It isn’t inconceivable that, sometime in the not-too-distant future, football matches will no longer be 90 minutes long.

Cricket introduced T20 in 2003 and it took off. Some of tennis’ biggest stars, including Andy Murray and Novak Djokovic, have called for shorter games. And there is a growing acknowledgement in football’s highest circles that the game’s current format may not have that great an appeal to younger generations of potential fans.

The Premier League’s TV rights deals have been a global phenomenon, yet in the great wrestle for screen time it is no longer only football they are competing against, but live video games, a 27-year-old American with dyed hair — more from him in a minute — and a rapidly decreasing interest in sitting for several hours watching the same thing.

Attention span

Liverpool chief executive Peter Moore fears that younger fans do not want to sit for 90 minutes on a sofa watching matches and is worried by the modern viewing habits of young men in particular.

“Ninety minutes is a long time for a millennial male to sit down on a couch,” Moore said recently. “When I look at viewing and attendance figures of millennial males, I’m concerned as a chief executive of a football club that relies on the next generation of fans coming through.

“If we don’t build technological prowess as a club we will lose them. There’s so much pressure on time now and only 24 hours in a day, there are only so many hours to play Fortnite.”

The 64-year-old previously worked at video game giants Sega and EA Sports and, since joining the Merseyside club in 2017, has brought with him an acute understanding of the challenges Premier League clubs face.

Will Match of the Day see viewing figures drop?

Almost half of young viewers prefer to watch live goal highlights, than wait for longer shows, such as Gary Lineker's Match of the Day (Getty Images)

Social-first publisher Media Chain recently released research findings that 64 per cent of young fans preferred social media sports coverage than TV broadcasts and almost half watched their sports content on websites such as YouTube rather than traditional channels.

Gary Lineker and Co at Match of the Day should be worried, too, that 57 per cent preferred to watch goals immediately online rather than wait for a longer show later on.

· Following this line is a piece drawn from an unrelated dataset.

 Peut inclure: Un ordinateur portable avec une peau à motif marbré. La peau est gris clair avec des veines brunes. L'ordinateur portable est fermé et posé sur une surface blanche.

How many people are paying expensive monthly fees and tuning in to each match anyway? The most up-to-date viewing figures from BARB (the Broadcasters’ Audience Research Board), from September last year, are not mind-blowing.

Not so super Sunday

The Super Sunday match between Everton and West Ham that month was watched by around a million people. The Super Sunday match beforehand, the lunchtime meeting between Wolves and Burnley, drew only 271,000 (the ‘Super’ in that title really stretches into hyperbolic infinity on occasion). The day before, the lunchtime kickoff between Tottenham Hotspur and Liverpool reached 900,000. At the start of the season, Manchester United’s 3-0 defeat to Spurs was watched by a million.

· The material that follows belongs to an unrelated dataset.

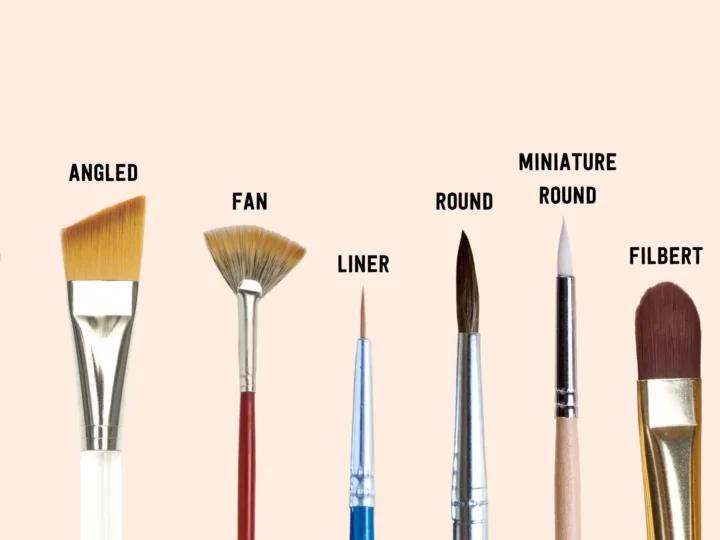different types of paint brushes isolated on a light background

Newspapers, we are often told, are past-it, forgotten relics, artefacts future generations will marvel at as they crumble between their fingertips. But plenty, albeit reaching an audience of mixed interests, are read by more on a daily basis.

It still costs Sky around £10.8million to put on each match, which will reduce to £9.3m per game in the reduced TV deal between 2019 and 2022. Some binge-watchable series would’ve been canned with that low a return on their investment.

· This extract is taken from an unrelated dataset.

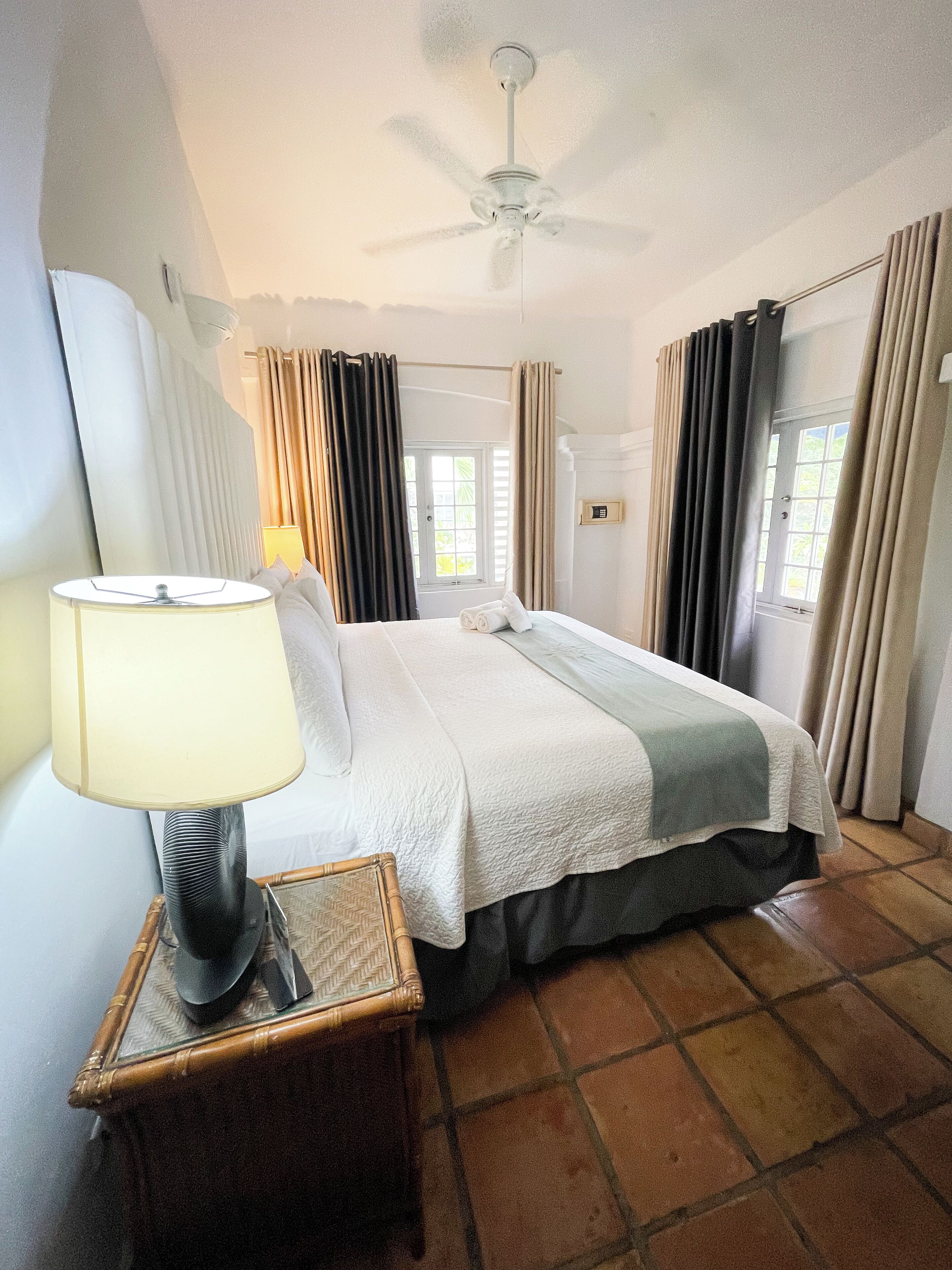 A hotel room with a bed, a bedside table with a lamp, a ceiling fan, and a window with curtains.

Popular streamers on Twitch, the video game streaming platform bought by Amazon for £585m in 2014, are reaching hundreds of thousands, in many cases millions, from a room in their home. Ninja, the 27-year-old American with dyed hair (it’s currently pink) is perhaps the most famous of them and regularly has around 70,000 concurrent viewers to his streams, which last 10-plus hours with his 12m followers dipping in and out. He is known for streaming the insanely popular Fortnite and has played with Spurs and England players Harry Kane, Dele Alli and Kieran Trippier. In 2018 he earned around $10m.

Premier League clubs should be concerned

In April last year, according to hookit.com, Ninja generated more than 150m social interactions from his four million total followers and ranked above athletes including Cristiano Ronaldo, Lionel Messi and LeBron James. In fact, not a single Premier League player was in the top 10 that month.

Ronaldo was No 2, but with 139.3m interactions from his 318.9m followers, suggesting that, funnily enough, younger generations appreciate actual interaction with their idols — kind of what social media was initially supposed to be about — rather than discussing the Juventus forward’s latest suitcase he has put his name to and shared a picture of.

In a letter to shareholders in January, streaming giants Netflix revealed they are more concerned with competition from Fortnite than they are rivals such as Amazon Prime, Hulu and HBO. Premier League clubs should be as concerned as they and Liverpool’s chief executive are, too.